• [Work instruction] Beginning with the line in which "Ducati 848 EVO (2011) thumbnail 5" appears, transcribe each line word for word until the records end. Do not include pictures.

• [Working data]

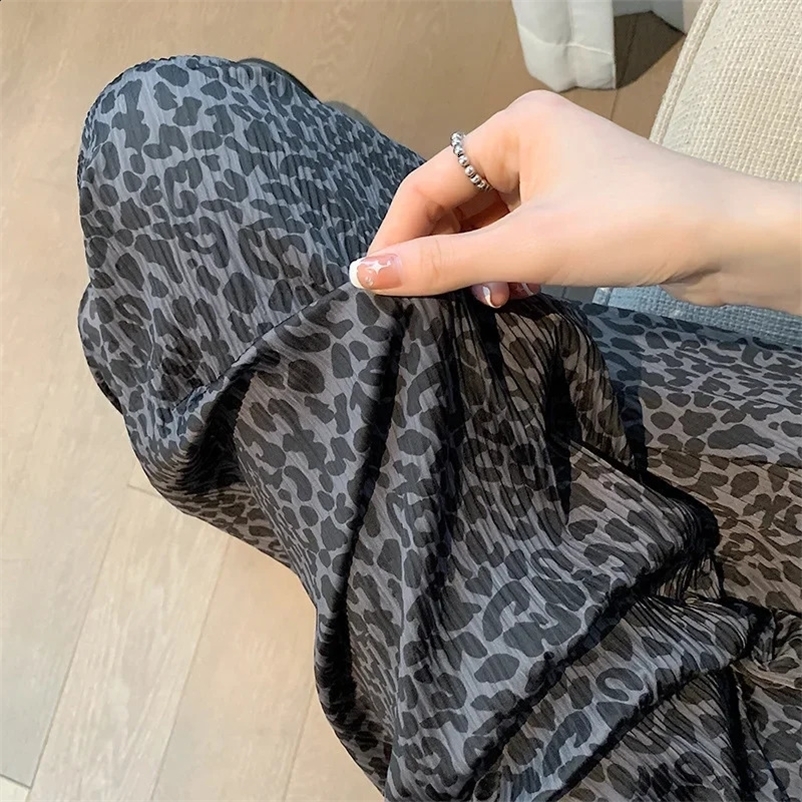 Ice silk wide leg womens summer straight pants full-length cool leopard print loose casual womens pants 250410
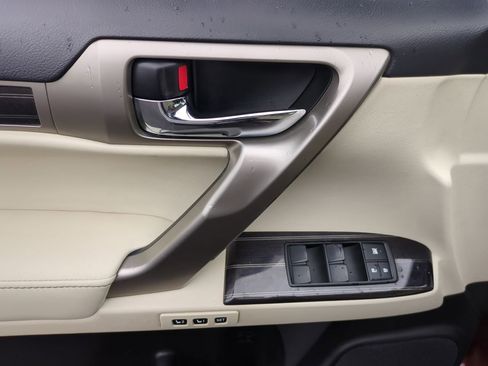 Used 2020 Lexus GX 460 Premium image 15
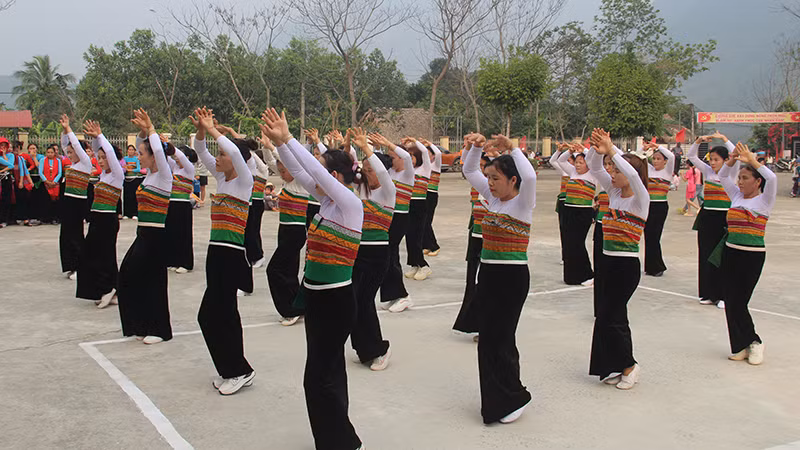 Phụ nữ xã Lũng Niêm, huyện Bá Thước biểu diễn dân vũ.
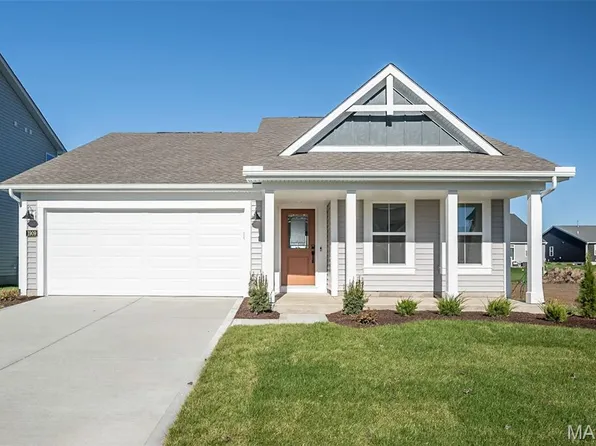 1909 Rolling River Cir, Saint Paul, MO 63366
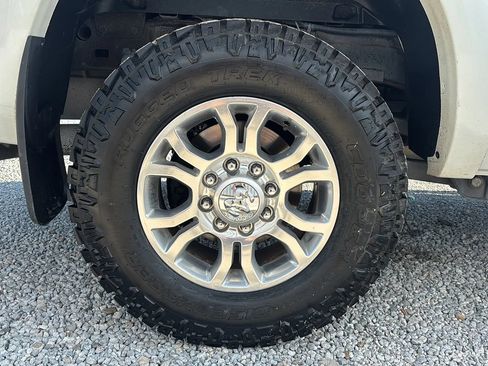 Used 2018 RAM 2500 Laramie AWD/4WD image 8
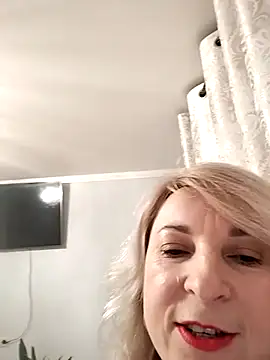 AhlyssaLove1155 online show from 17, 12, 2025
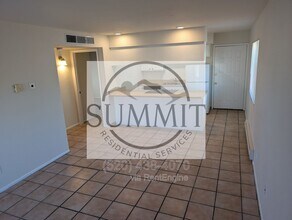 926 N Belvedere Ave in Tucson, AZ - Building Photo - Building Photo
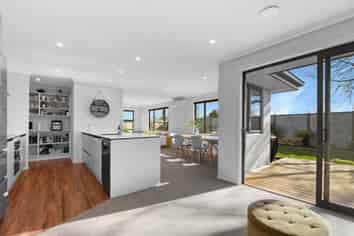 13 Carmine Crescent, Richmond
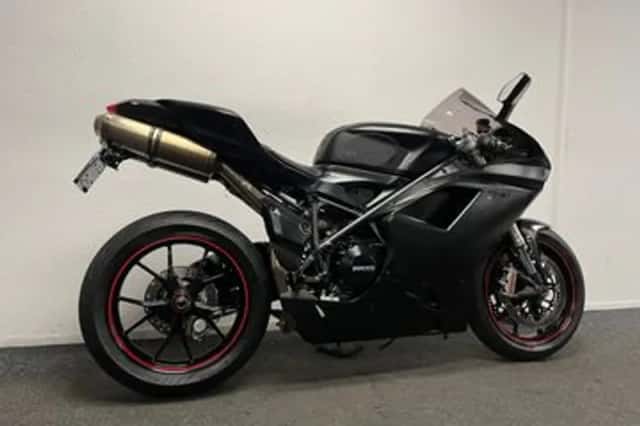 Ducati 848 EVO (2011) thumbnail 5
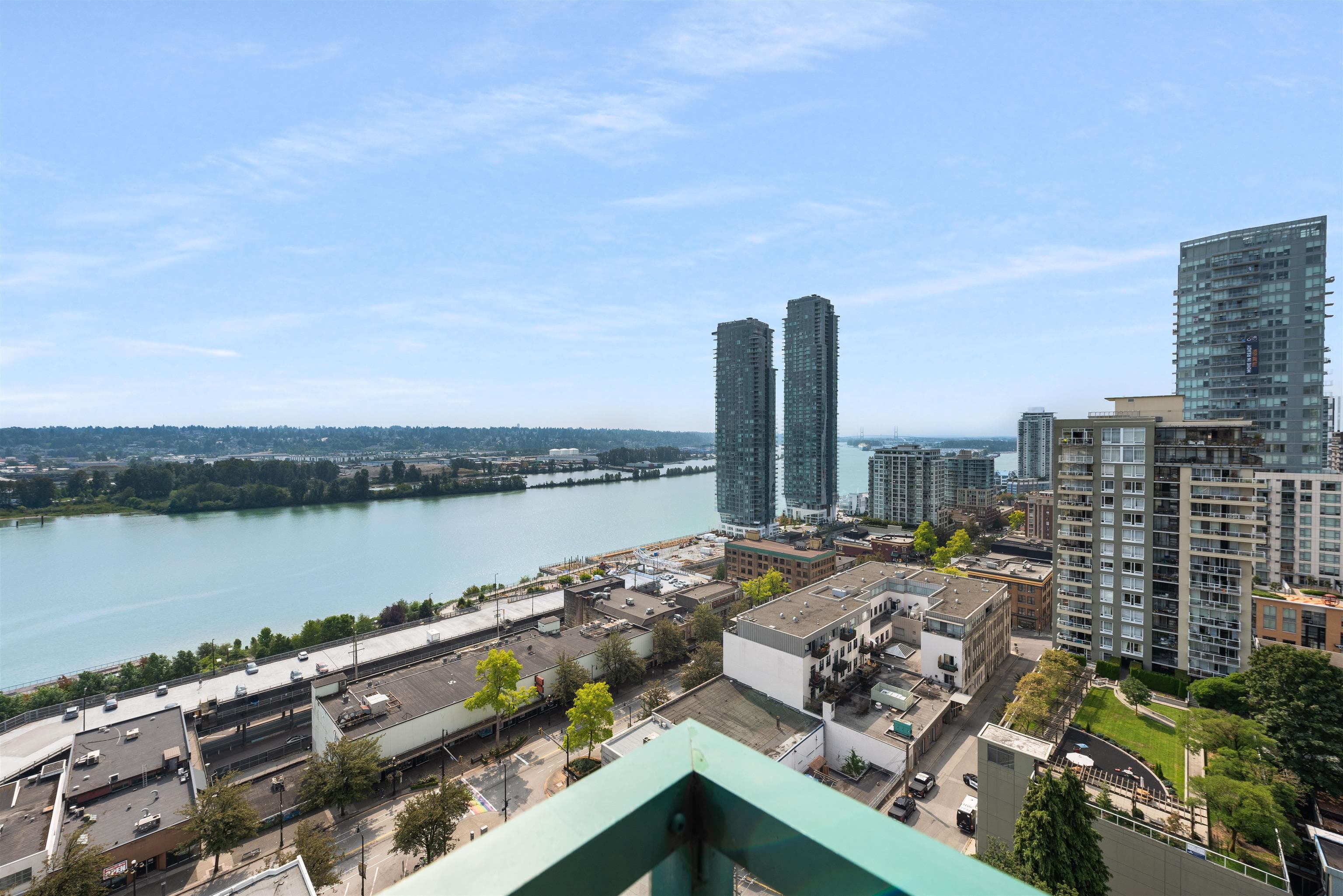 1602 - 420 Carnarvon Street, New Westminster, V3L 5P1 — photo 1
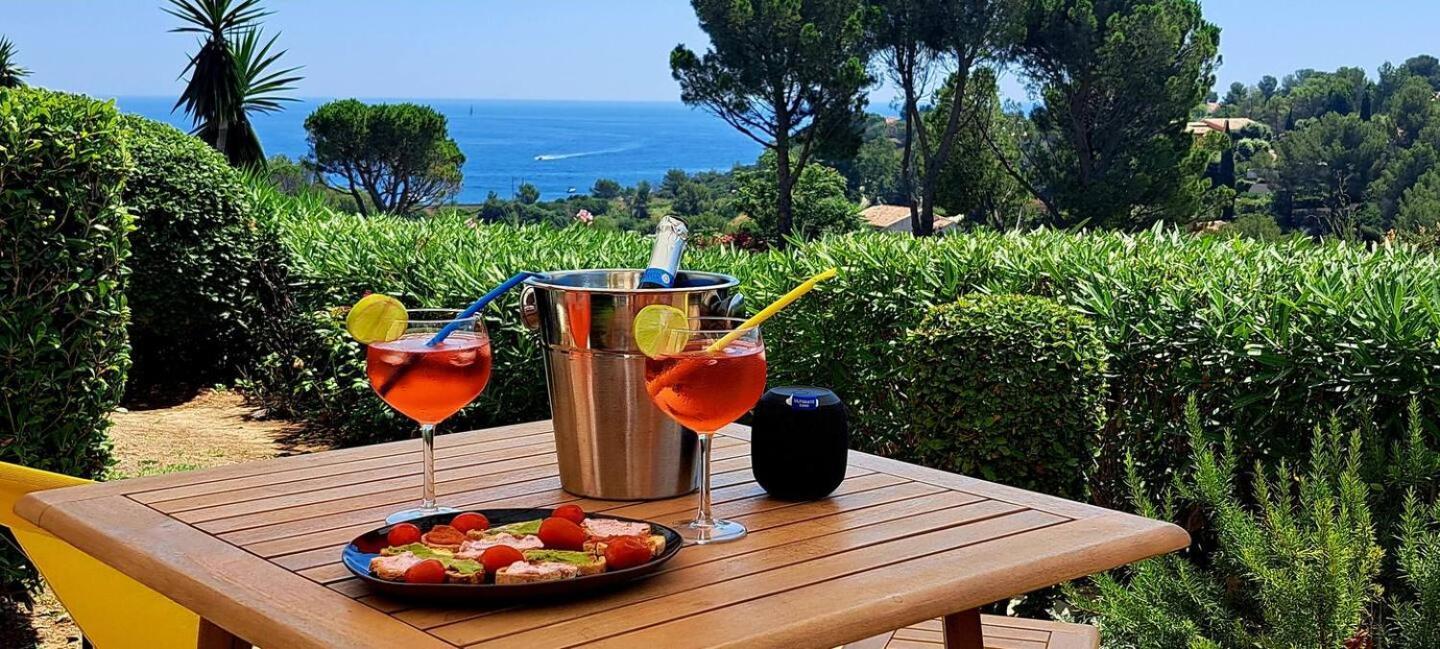 Dans Un Cadre D'Exception, Vue Mer Panoramique A Agay Cote D'Azur, Village Vacances Cap Esterel, T2 Avec Jardin, Golf, Climatisation, Wifi, 5 Piscines Saint-Raphaël エクステリア 写真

• [Solution for this exercise]
 Ducati 848 EVO (2011) thumbnail 5
 1602 - 420 Carnarvon Street, New Westminster, V3L 5P1 — photo 1
 Dans Un Cadre D'Exception, Vue Mer Panoramique A Agay Cote D'Azur, Village Vacances Cap Esterel, T2 Avec Jardin, Golf, Climatisation, Wifi, 5 Piscines Saint-Raphaël エクステリア 写真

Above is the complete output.